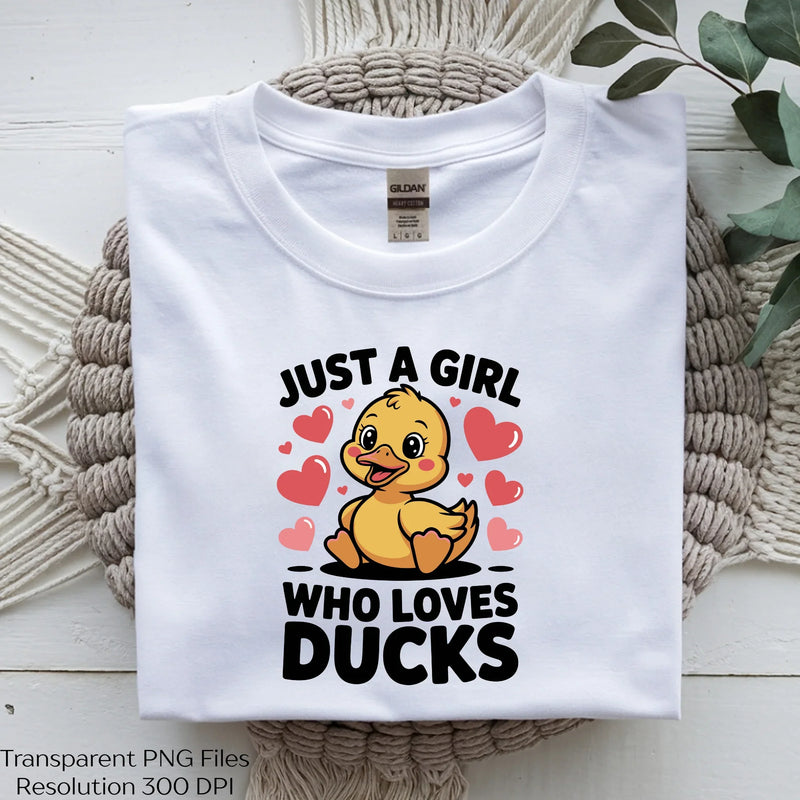 Just a Girl Who Loves Ducks Clipart Bundle - CraftNest - Digital Crafting and Art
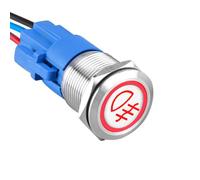 ETOPARS Stainless Steel 19mm Switch 12V 5A Car Toggle Switch Metal Push Button Switch Waterproof Auto Fog Light Switch ON OFF With Wire Socket Plug Red LED Light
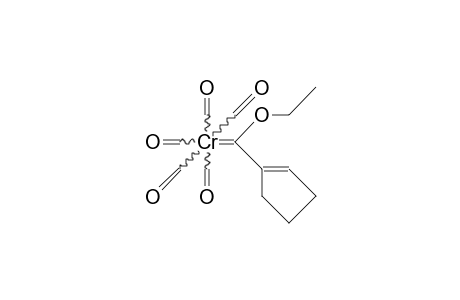 Pentacarbonyl-(1-cyclopentenyl-ethoxy-carbene)-chromium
********
» **Task details**
Please copy the lines above, starting at the one that holds "ETOPARS Stainless Steel" and stopping after the last line, exactly as they appear and minus the pictures.

» **Solution to the exercise**
 ETOPARS Stainless Steel 19mm Switch 12V 5A Car Toggle Switch Metal Push Button Switch Waterproof Auto Fog Light Switch ON OFF With Wire Socket Plug Red LED Light
 Pentacarbonyl-(1-cyclopentenyl-ethoxy-carbene)-chromium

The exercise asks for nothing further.